If you don’t read the SPEAKEV post, then my problem in summary is an issue which occurs about once a week and I drive the car nearly every day, mostly on battery short journeys with about one journey a week requiring full Parallel ICU mode and once every four to six weeks journeys that use up most of my fuel tank. The majority (99.9%) of the transmission clunks happen after a reversing manoeuvre, particularly a reverse down my home driveway back to my garage and Charging Post. Sometimes when the “cul-de-sac” leading to my house doesn’t have room for me to turn to reverse into my drive due to parked cars, I have to reverse some 40 meters down that to get to my 20 meter drive way, all on a slight downward slope. Therefore I am not having to use the throttle at all; it’s all on the foot brake resisting the “Crawl/Creep“ plus Gravity motion until I have to stop. Sometimes this can be a bit jerky unless I am very light on the foot break. I can usually tell when I am going to get this “Clunk and Judder” by how smoothly I have been able to control the reverse down the driveway. It doesn’t matter what I do once halted on the foot brake. Put the joystick to N, press P button or Power Off directly from “R”, if it is going to “Clunk” it will “Clunk”. It has also happened a few times in car parks in Salisbury, my local town, all after “Parking” from Reversing into a space and once it did it going from R to D while maneuvering. It has not happened in normal driving, even when I go to Neutral and hand break at some long wait traffic Lights. I did a 1500 mile, 11 day trip to Scotland (North Uist in the Outer Hebrides) in late August (annual fishing trip) and home to Wiltshire via family visits in Edinburgh. It did not happen once the whole time and I only got to charge the car twice during those 1500 miles. Lochmaddy Harbour car park now has a CYC post. Recently I have taken to easing the car back on the foot break in Neutral on my driveway, once on the slope after a very short distance in Reverse power. I lose the Reversing Camera, but use the garden shrubbery as a reference mark that I level my offside Door Mirror with to stop a safe distance from the garage door within reach of the Power cable. I will post the outcome of the Mitsubishi report when I get it. This is not I problem I am going to give up on! The Car was registered 31 Dec 14, so the clock is ticking towards Warranty run-out.
 
Didn't we get a 3-year warranty? I hope it's not going to take another 2 years to get your problem sorted. And I sincerely hope it is.
 
If this was all happening in the US of A and not UK/Europe I would be more confident. Read Motoring Section of the Sunday Times yesterday! My Car was ex-demo model bought through CCR Motors Melksham, but was from CCR Cheltenham as an ex Demo car with 2,900 miles on the clock, 5 months old. (GX4H) Light Blue Metallic. No particular complaints except for this transmission bug that seems to strike randomly every week. My theories are that it has something to do with Hold/Crawl mode in Reverse when halted sometimes needing resetting when disengaging from Reverse into Neutral, Drive or Park. It feels like the Rear Diff is being "walloped" by the Electric Motor "kicking-back" when "Reverse" is changed to another mode. Trying to explain this to the Service Staff at either CCR Melksham or Mitsubishi Salisbury was impossible although the Mechanic was more receptive at Salisbury. I was able to demo the effect to my wife by chance when on one occasion returning to our home I got her to stay behind while I parked up and it was clearly audible to her standing near the car. So now she won't drive it until sorted/explained! Fortunately she has her own car, a Lancer. So frankly unless I can get a Mechanic to witness it or Mitsubishi have records on this from other countries, I am not confident of a fix in 2 years or 4 years if its part of the Hybrid transmission.
 
greendwarf said:
To go back to the OP - he seems to be describing the effect you get from have the hand brake on i.e. motors still trying to move the car (forwards or back) but physically restrained when you go to Neutral. The result is the car is "released" and rocks backwards or forwards on the suspension. Whereas, of course, as described, if you are holding the car on the foot brake then Drive is already disconnected and nothing happens when you go into N.

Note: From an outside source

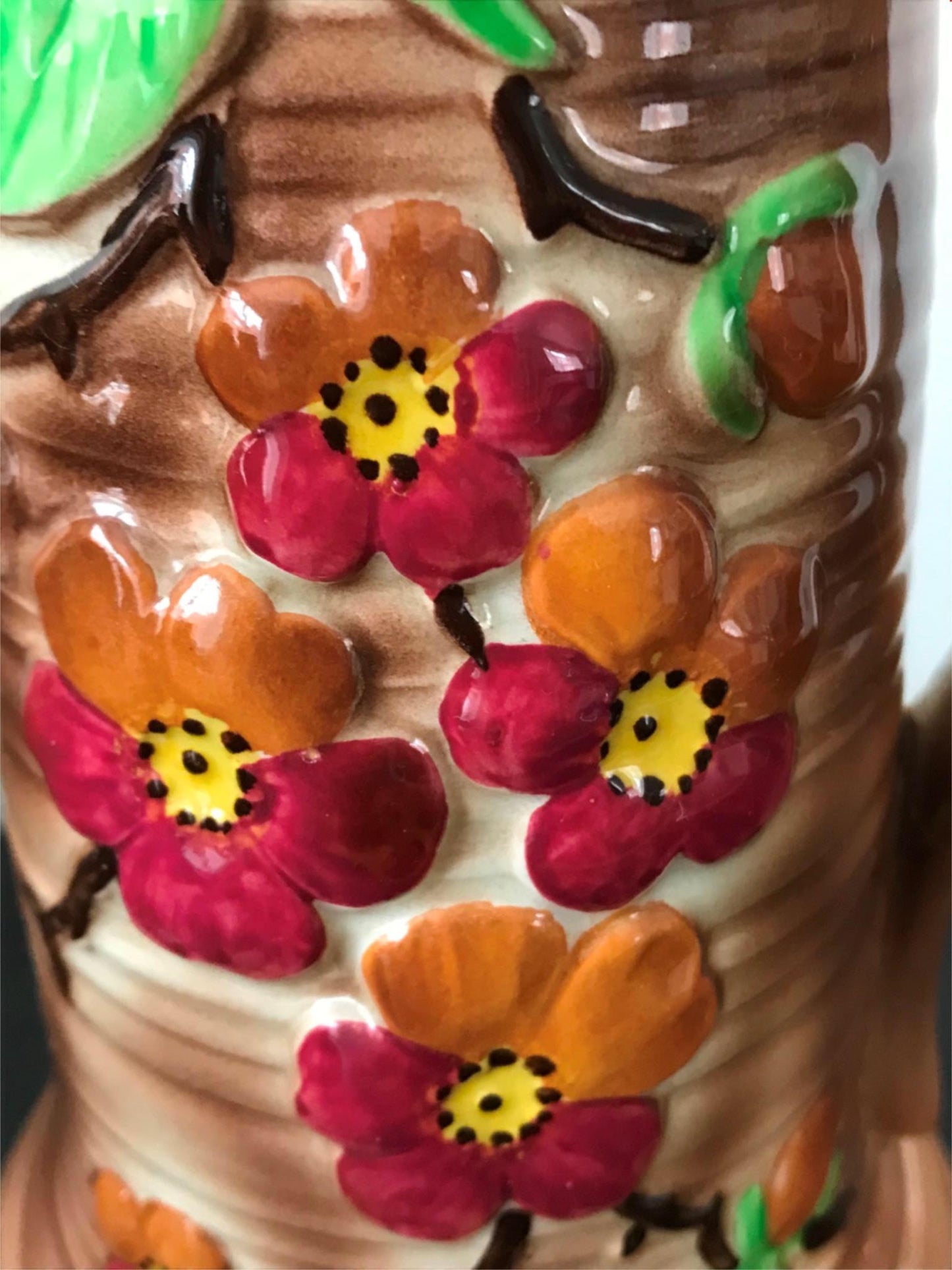 VINTAGE ROYAL ART POTTERY JUG VASE TALL SLIM BLOSSOM DESIGN ART DECO 26cm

I get this quite a lot when I put the handbrake on first (e.g. at traffic lights etc.) before disengaging D - which is how I would have driven geared cars for the last 50 years. :lol:

Again is this what you are describing?
 
I received a response from Mitsubishi Salisbury regarding their technical query up the Mitsubishi Chain. The response was quote ‘‘We have heard this on most PHEV’s that we have driven its just the motors changing direction, it depends what torsional stress is applied to the motor during the change of direction. This is not a fault or anything to be concerned about.’’

OK I will learn to live with it.
 
I experienced a 'thump' from the rear transmission when I got a little confused with the joystick due to me pushing when I should have been pulling! Only the once but it has made me more careful with the drive selection!

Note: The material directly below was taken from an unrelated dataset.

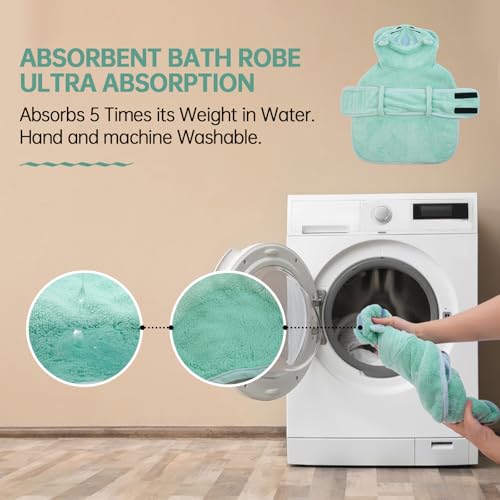 OUOBOB Hunde Bademantel Trockenmantel für kleine Hunde - Mikrofaser Hundekleidung mit Kapuze & verstellbaren Gurt, XS (Grün) - Für Chihuahua, Dackel, Yorkie.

I don't bother now with selecting neutral when parking but just push the P button and pull on the handbrake, then Stop. I know stop has the same effect but like to press P...so I'm in control. Old habit from previous auto cars.

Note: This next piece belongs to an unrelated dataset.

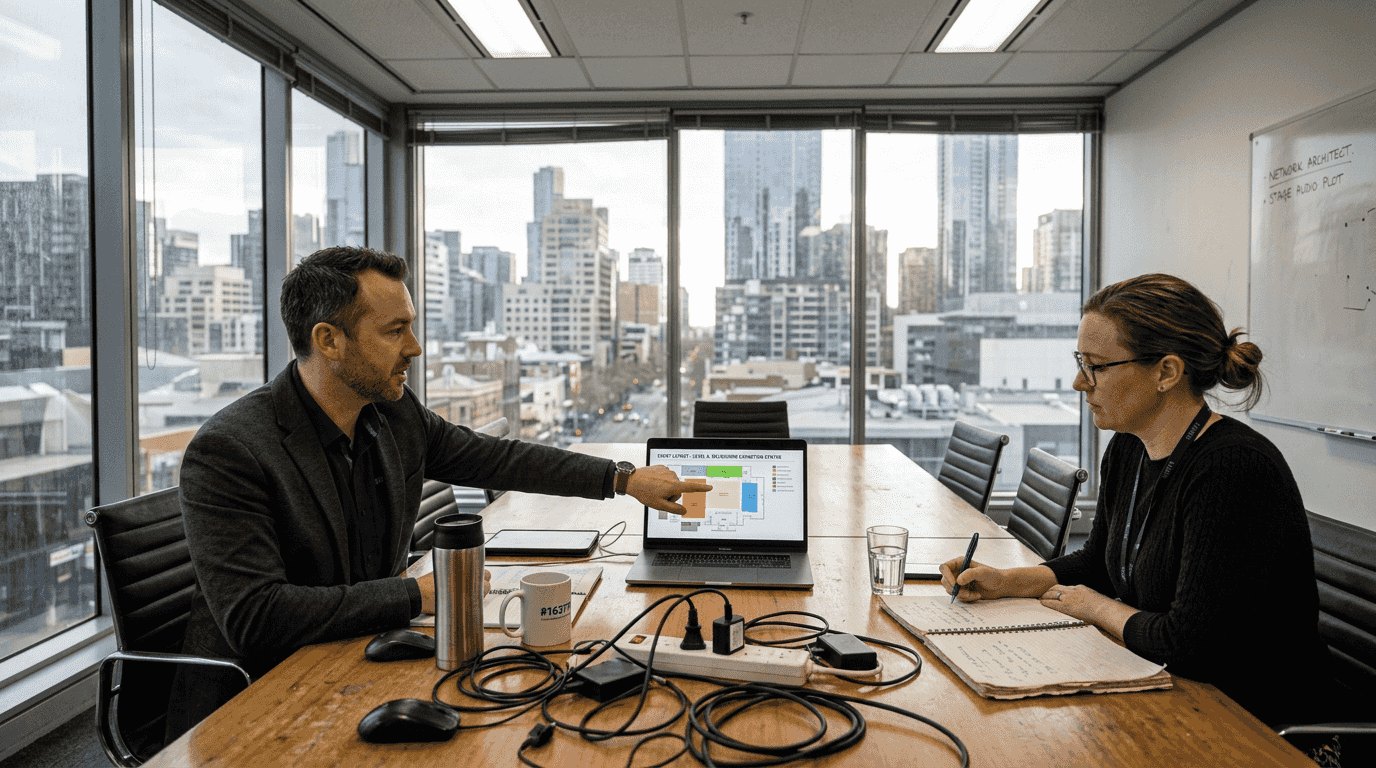 Consultant and planner reviewing AV event plans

I note mention of a 3-year warranty above, they all now have 5-year warranty so may be worth pressing your dealer for this. Interestingly this is only confirmed by a sticker in the service book and the dates filled in are still at 3 years, but my dealer has confirmed 5 years.
 
The 5 year warranty covering the whole Car started in 2015 (15 Reg). Mine is a 64 Reg so is 5 years only on the parts related to the Hybrid system (Batteries, Motors, E-Transmission etc, but not the ICU an those parts that are common to all Outlanders which is 3 Years (incl the Mitsubishi First break down service). I will check if they are allowing pre 2015 PHEVs to be upgraded to 5 years but it would be unusual if they are.